Change is a constant

 When chatting to Phil, it doesn’t take you long to realise there’s one thing he’s not short on, and that’s having an opinion. So, when it comes to looking into his crystal ball to see how the profession will change and evolve over the next 10 years, he sees plenty of opportunities ahead.

 Side-stepping the obvious, like the integration of technology and aligned services, such as accounting and law, into financial planning models, Phil identifies a rapidly emerging trend in the U.K., which he believes will eventually play out in Australia – new product manufacture and distribution channels.

 “Non-traditional financial services players, like supermarkets, will increasingly move into financial services product manufacture and distribution. Why? Because consumers are increasingly looking to go elsewhere, other than banks, for their financial services products.”

 As a part of this move away from traditional product manufacturers, Phil believes products will become simpler. However, he cautions for that to happen, the Government will need to provide greater certainty by stop tinkering with rules and regulation, particularly in relation to areas

like superannuation.

 As for the future, well, this CFP®practitioner remains very upbeat, particularly in respect of the current cohort of planners handing over the baton to the next generation of professionals. “We will see more generational succession within the profession, and probably from father to daughter. In the U.K., we are seeing many more young women joining the profession, which is fantastic to see,” Phil says.

 “In fact, I’m very optimistic about the next 10 years. Right now is a great time to be a financial planner, particularly if we take the time to learn from each other. And the next 10 years could be even better!”

 Phil Billingham CFP®will be part of a panel discussion of global planning experts at the 2019 FPA Professionals Congress in Melbourne (27-29 November). For more information on the Congress program or to register your attendance, click here.


About your speaker

Phil Billingham CFP®has been a planner, author, trainer and consultant since 1982. He is passionate about bringing his considerable international experience to support financial planners around the world to cope with regulatory change, mainly in the U.K. and South Africa.
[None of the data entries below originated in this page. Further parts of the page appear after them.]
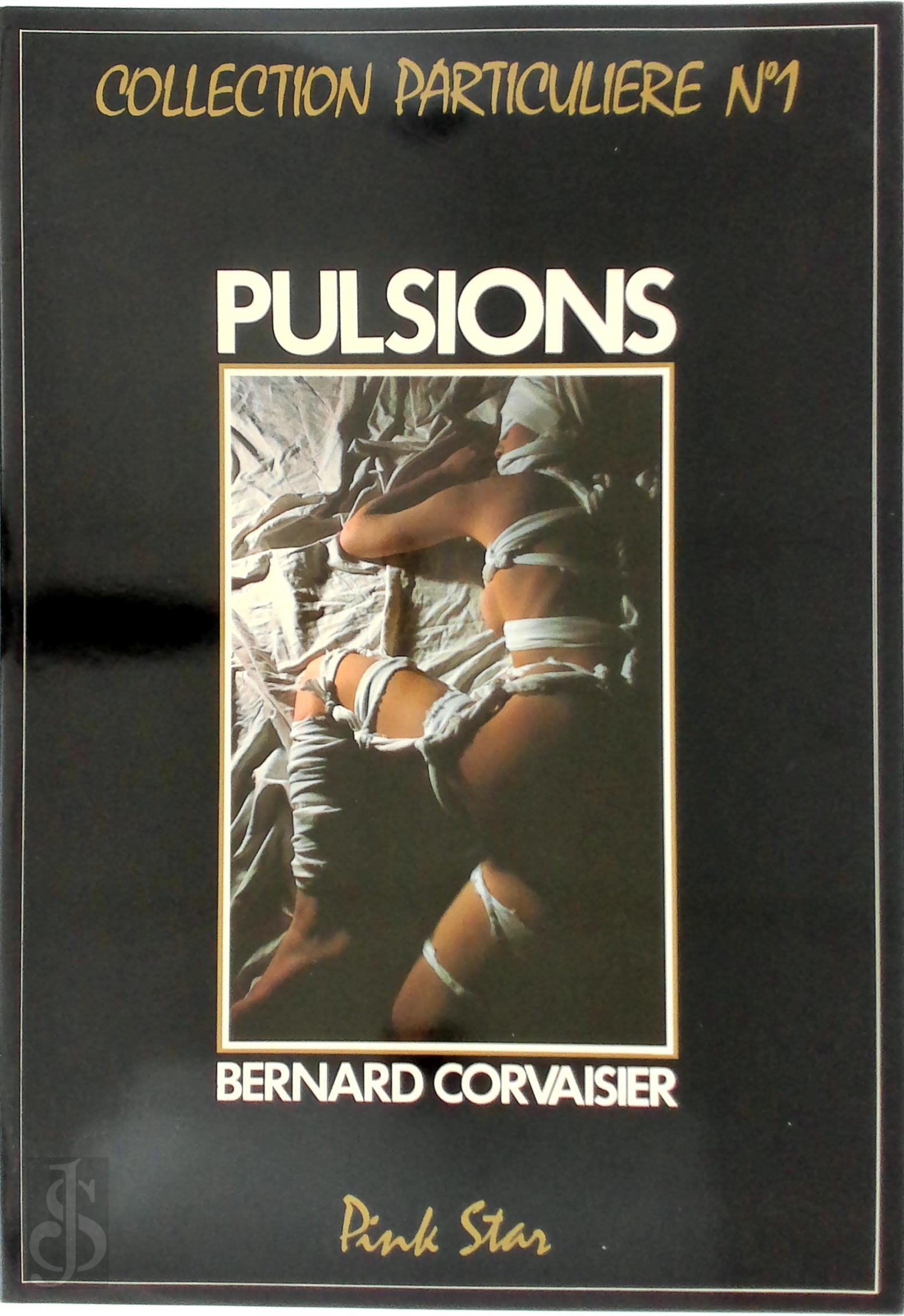 Bernard Corvaisier 317374 - Bernard Corvaisier - Pulsions. Collection particuliere No. 1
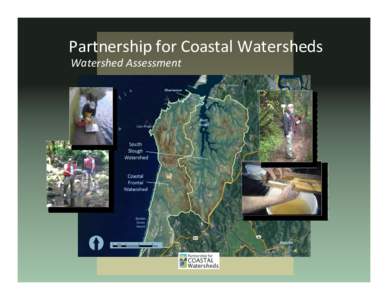Partnership for Coastal Watersheds Watershed Assessment Oregon Department of Forestry (ODF) Funding Source: 1995 CoosWA Surveys and  timber companies 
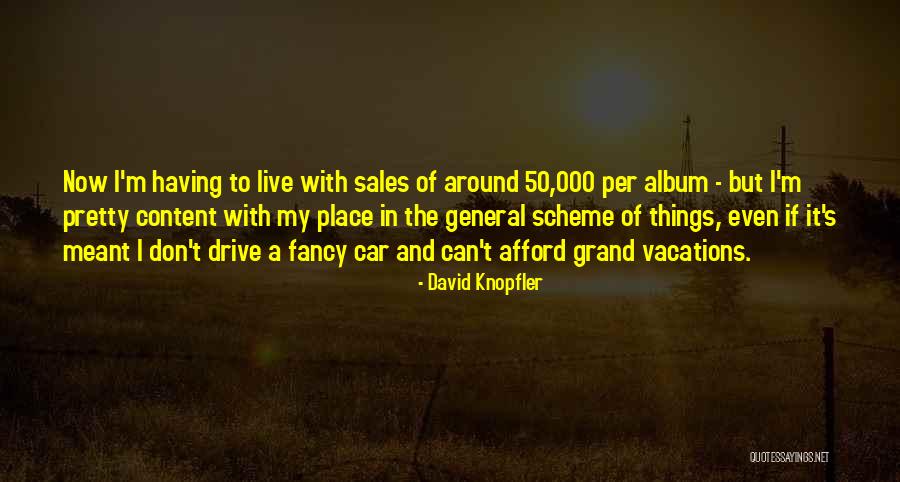 Remplir Vervoegen Quotes By David Knopfler Remplir Vervoegen Quotes By David Knopfler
 His past roles have included: working in the U.S. with the National Association of Financial Advisers and Consumer Federation of America; former Director and Vice-Chairman of the Society of Financial Advisers in the U.K.; former Director of the Institute of Financial Planning (2007-2012) and Chair of the Ethics and Practice Standards Committee (U.K.); and member of the Financial Planning Standards Board’s (FPSB) Regulatory Advisory Panel (2009-2014).

 Phil has worked with planners and regulators around the world, including India, Canada, U.S., South Africa and Australia.

He remains an active planner and Director at Perceptive Planning, an independent Chartered Financial Planning firm he owns and runs with his wife. The U.K. business was nominated ‘Top 100’ status in 2014, 2015, 2016 and 2017 by Citywire.